Millions of tourists visit Jackson Hole, Wyoming, every year to sightsee, hike or ski the Teton Range, which was formed by the Teton fault.
Upward slippage of the fault's western edge has pushed the mountains to their present height of some 7,000 feet (2,130 meters) above Jackson Hole in Grand Teton National Park.
The fault ranks among the fastest moving in the Rocky Mountain region. Scientists think it could produce an earthquake as powerful as magnitude 7.5, which would cause serious damage.
Research shows the Teton fault last ruptured more than 5,000 years ago. Whether the fault is overdue for a big quake is unknown, geologists said Friday.
"We're always speaking in geologic time, which is thousands of years or hundreds of thousands of years," Wyoming State Geologist Erin Campbell said.
Earthquakes are common in the region. In 1959, a magnitude-7.3 quake in a different fault area west of Yellowstone National Park in Montana killed 28 people, many of them buried by a landslide that blocked the Madison River.
The Wyoming State Geological Survey released the new map of the Teton fault this week. Copies may be downloaded for free or purchased online for $25.
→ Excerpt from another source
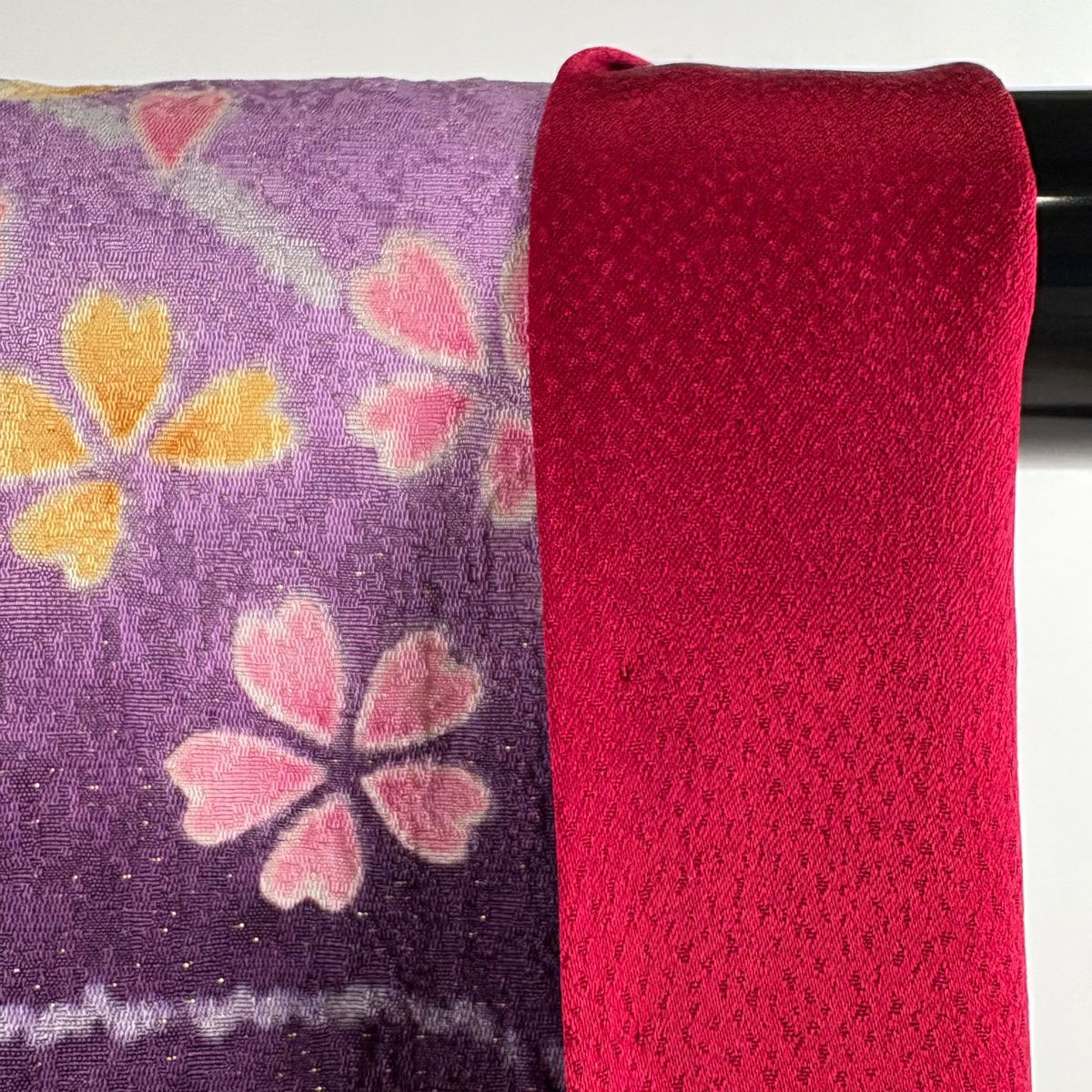 【美品】振袖禮服 身長163cm 袖長67.5cm L 雙層 手鞠 草花紋 金銀彩 金金箔 紫 純蠶絲 逸品級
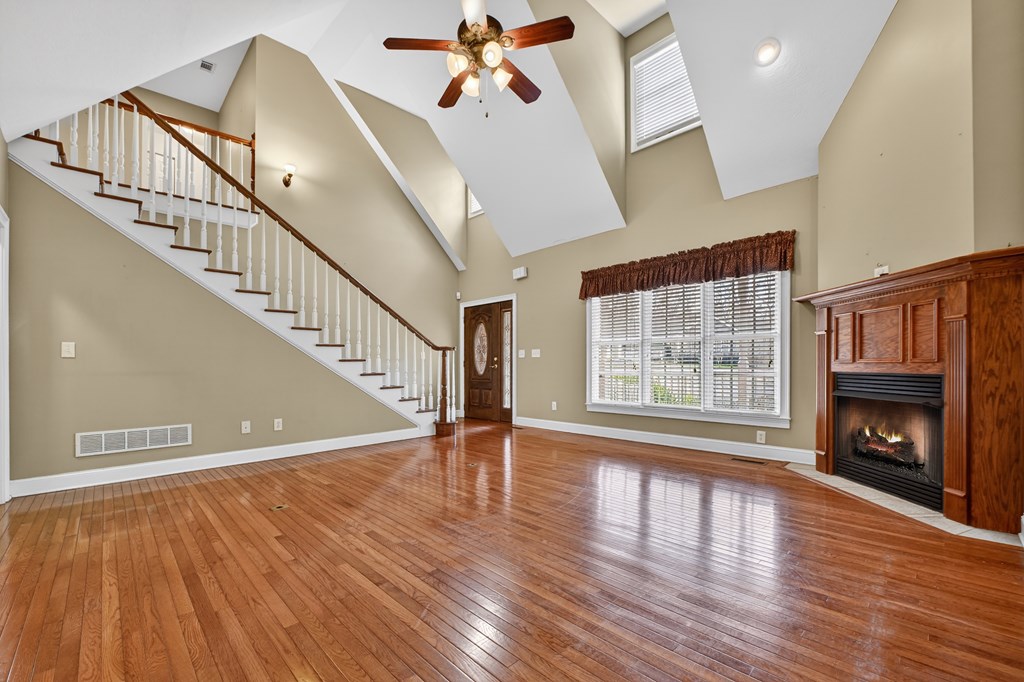 220 Oak Ridge Lane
Researchers created the map with equipment that involves using laser pulses to measure distances precisely.
Aircraft with the equipment flew up and down the Teton fault to create precise images of the terrain, helping geologists pinpoint the fault's location.
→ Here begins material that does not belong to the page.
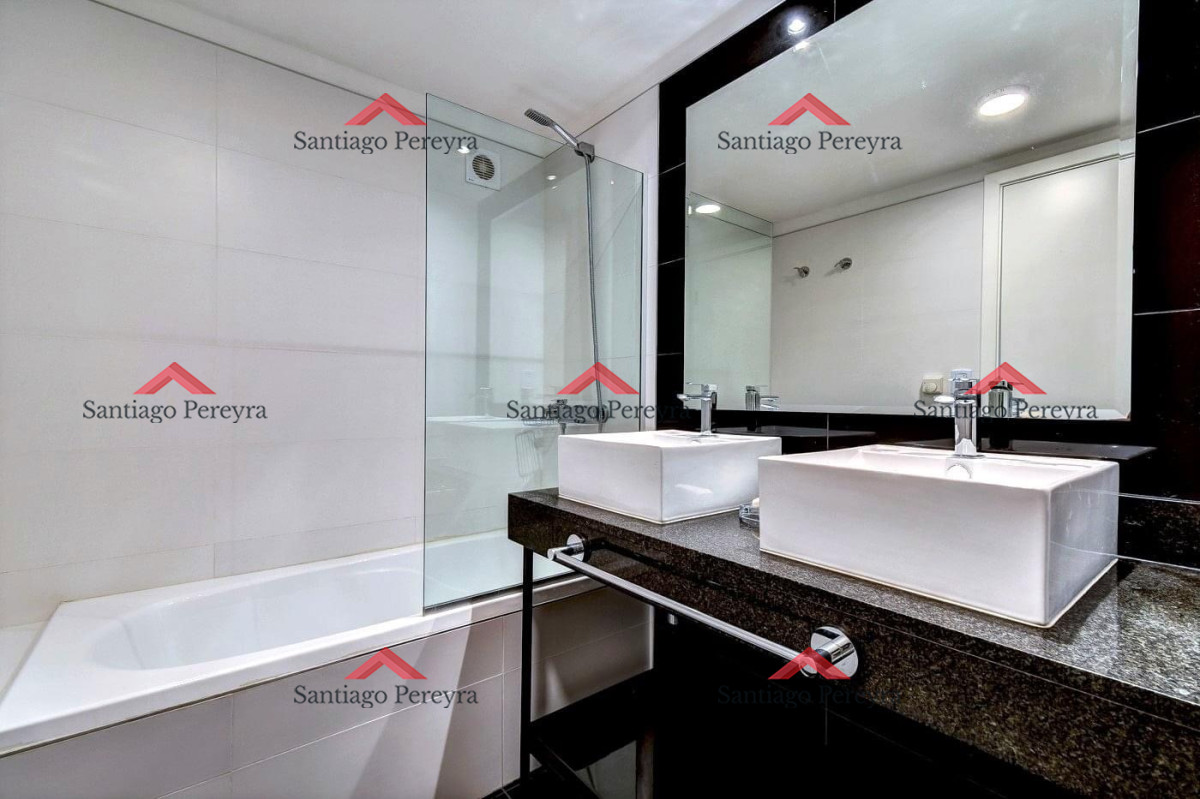 Apartamento ID.15601 - Venta y alquiler temporal de apartamento de dos dormitorios en edificio Art Tower, La Pastora, Punta del Este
Geologists who study the fault often focus on scarps revealing the fault line at the foot of the mountains. There, they've dug trenches to look closely at how the fault has moved since the last glacial period ended 15,000 years ago.
Landslides and lakes cover the fault in places but scarps up to 125 feet (38 meters) high make its exact location obvious in others.
"It almost appears like a wall in the forest in some spots," said the map's lead author, Mark Zellman, of earth sciences consulting firm BGC Engineering Inc.
U.S. Geological Survey research geologist Christopher DuRoss and Idaho State University geology professor Glenn Thackray also helped create the map, which extends the fault about six miles (10 kilometers) farther south than was previously known.
Seth Wittke of the Wyoming State Geological Survey and others reviewed the work and went to the field to check its accuracy.
"This is a good kind of starting point in defining the fault itself, and some work that's been done along it, for future research," Wittke said.